Print the data below exactly, but only the lines from the one containing "197. Eczema Hands Pictures" down to the one containing "Individuals with pathological", inclusive.

Stored entries:

○ ○ ○ ○ ○

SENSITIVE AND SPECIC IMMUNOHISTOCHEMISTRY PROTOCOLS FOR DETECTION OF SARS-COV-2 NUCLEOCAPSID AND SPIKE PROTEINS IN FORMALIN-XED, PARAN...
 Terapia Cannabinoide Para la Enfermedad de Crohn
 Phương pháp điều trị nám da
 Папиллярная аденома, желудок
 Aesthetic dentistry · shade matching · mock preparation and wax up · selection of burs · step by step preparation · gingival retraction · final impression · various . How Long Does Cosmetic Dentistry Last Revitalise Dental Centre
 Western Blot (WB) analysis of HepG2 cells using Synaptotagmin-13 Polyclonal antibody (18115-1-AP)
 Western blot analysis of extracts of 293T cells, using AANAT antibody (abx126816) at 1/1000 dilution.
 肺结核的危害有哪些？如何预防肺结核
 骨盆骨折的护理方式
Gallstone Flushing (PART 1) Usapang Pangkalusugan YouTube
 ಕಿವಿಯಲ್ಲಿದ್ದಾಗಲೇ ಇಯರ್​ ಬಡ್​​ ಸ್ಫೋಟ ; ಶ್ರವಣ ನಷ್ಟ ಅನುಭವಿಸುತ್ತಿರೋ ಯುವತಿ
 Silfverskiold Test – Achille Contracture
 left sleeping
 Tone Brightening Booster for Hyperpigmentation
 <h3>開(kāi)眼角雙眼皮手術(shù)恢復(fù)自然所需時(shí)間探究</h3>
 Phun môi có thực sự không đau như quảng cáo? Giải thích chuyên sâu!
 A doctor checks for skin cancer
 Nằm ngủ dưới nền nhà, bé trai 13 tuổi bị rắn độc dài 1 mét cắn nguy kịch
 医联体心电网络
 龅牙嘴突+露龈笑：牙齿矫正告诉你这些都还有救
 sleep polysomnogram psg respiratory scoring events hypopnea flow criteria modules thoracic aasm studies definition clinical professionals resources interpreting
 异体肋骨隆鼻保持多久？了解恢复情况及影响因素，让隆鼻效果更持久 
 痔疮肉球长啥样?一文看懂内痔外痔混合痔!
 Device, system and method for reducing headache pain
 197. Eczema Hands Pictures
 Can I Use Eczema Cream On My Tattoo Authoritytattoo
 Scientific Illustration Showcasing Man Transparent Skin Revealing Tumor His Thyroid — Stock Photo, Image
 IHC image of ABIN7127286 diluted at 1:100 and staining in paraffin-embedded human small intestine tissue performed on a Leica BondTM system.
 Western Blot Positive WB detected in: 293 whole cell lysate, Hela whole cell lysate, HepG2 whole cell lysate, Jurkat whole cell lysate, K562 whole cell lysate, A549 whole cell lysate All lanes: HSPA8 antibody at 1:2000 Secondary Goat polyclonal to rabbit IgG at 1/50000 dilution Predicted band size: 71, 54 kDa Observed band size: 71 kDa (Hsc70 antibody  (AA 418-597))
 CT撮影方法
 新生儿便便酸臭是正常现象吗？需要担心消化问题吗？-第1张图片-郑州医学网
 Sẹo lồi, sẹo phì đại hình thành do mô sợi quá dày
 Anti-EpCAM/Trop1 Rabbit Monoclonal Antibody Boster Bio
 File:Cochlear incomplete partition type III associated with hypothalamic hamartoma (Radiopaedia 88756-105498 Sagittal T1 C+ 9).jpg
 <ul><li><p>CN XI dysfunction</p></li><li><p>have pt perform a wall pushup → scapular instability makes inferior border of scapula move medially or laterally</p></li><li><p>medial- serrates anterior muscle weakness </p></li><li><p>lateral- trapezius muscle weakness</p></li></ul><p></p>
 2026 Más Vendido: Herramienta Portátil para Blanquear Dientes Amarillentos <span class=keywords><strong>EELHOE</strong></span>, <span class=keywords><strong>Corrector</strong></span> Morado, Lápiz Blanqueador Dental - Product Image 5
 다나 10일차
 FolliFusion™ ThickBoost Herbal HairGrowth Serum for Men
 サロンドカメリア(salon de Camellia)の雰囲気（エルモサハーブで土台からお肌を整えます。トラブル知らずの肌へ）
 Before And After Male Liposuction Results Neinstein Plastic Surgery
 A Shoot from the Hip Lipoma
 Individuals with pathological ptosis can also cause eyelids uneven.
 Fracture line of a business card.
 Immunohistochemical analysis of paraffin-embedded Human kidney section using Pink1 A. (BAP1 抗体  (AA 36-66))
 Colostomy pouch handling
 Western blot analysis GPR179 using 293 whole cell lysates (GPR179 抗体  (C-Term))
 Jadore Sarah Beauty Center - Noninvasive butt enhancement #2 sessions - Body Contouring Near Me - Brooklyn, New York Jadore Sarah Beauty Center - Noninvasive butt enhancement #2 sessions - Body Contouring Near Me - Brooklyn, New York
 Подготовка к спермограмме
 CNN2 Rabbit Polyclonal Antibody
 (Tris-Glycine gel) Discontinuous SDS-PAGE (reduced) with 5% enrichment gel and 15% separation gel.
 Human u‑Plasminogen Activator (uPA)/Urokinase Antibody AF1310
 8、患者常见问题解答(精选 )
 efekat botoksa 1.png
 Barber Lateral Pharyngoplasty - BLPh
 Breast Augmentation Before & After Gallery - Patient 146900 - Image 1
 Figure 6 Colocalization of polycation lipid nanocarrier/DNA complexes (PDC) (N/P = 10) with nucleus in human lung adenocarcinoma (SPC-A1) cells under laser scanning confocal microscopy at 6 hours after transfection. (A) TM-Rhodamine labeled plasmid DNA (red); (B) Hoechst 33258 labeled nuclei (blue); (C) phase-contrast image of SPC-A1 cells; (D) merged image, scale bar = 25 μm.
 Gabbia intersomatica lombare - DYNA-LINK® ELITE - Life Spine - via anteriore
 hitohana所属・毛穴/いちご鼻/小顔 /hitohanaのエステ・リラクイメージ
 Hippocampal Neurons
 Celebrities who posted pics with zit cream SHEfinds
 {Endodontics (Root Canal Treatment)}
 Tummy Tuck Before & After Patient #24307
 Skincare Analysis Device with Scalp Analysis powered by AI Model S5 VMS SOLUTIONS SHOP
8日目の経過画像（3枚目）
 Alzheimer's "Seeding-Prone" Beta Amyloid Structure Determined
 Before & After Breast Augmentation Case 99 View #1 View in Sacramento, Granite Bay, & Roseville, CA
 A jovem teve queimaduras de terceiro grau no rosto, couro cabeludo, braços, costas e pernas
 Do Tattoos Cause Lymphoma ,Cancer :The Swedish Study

○ ○ ○ ○ ○

• **Exercise answer**:
 197. Eczema Hands Pictures
 Can I Use Eczema Cream On My Tattoo Authoritytattoo
 Scientific Illustration Showcasing Man Transparent Skin Revealing Tumor His Thyroid — Stock Photo, Image
 IHC image of ABIN7127286 diluted at 1:100 and staining in paraffin-embedded human small intestine tissue performed on a Leica BondTM system.
 Western Blot Positive WB detected in: 293 whole cell lysate, Hela whole cell lysate, HepG2 whole cell lysate, Jurkat whole cell lysate, K562 whole cell lysate, A549 whole cell lysate All lanes: HSPA8 antibody at 1:2000 Secondary Goat polyclonal to rabbit IgG at 1/50000 dilution Predicted band size: 71, 54 kDa Observed band size: 71 kDa (Hsc70 antibody  (AA 418-597))
 CT撮影方法
 新生儿便便酸臭是正常现象吗？需要担心消化问题吗？-第1张图片-郑州医学网
 Sẹo lồi, sẹo phì đại hình thành do mô sợi quá dày
 Anti-EpCAM/Trop1 Rabbit Monoclonal Antibody Boster Bio
 File:Cochlear incomplete partition type III associated with hypothalamic hamartoma (Radiopaedia 88756-105498 Sagittal T1 C+ 9).jpg
 <ul><li><p>CN XI dysfunction</p></li><li><p>have pt perform a wall pushup → scapular instability makes inferior border of scapula move medially or laterally</p></li><li><p>medial- serrates anterior muscle weakness </p></li><li><p>lateral- trapezius muscle weakness</p></li></ul><p></p>
 2026 Más Vendido: Herramienta Portátil para Blanquear Dientes Amarillentos <span class=keywords><strong>EELHOE</strong></span>, <span class=keywords><strong>Corrector</strong></span> Morado, Lápiz Blanqueador Dental - Product Image 5
 다나 10일차
 FolliFusion™ ThickBoost Herbal HairGrowth Serum for Men
 サロンドカメリア(salon de Camellia)の雰囲気（エルモサハーブで土台からお肌を整えます。トラブル知らずの肌へ）
 Before And After Male Liposuction Results Neinstein Plastic Surgery
 A Shoot from the Hip Lipoma
 Individuals with pathological ptosis can also cause eyelids uneven.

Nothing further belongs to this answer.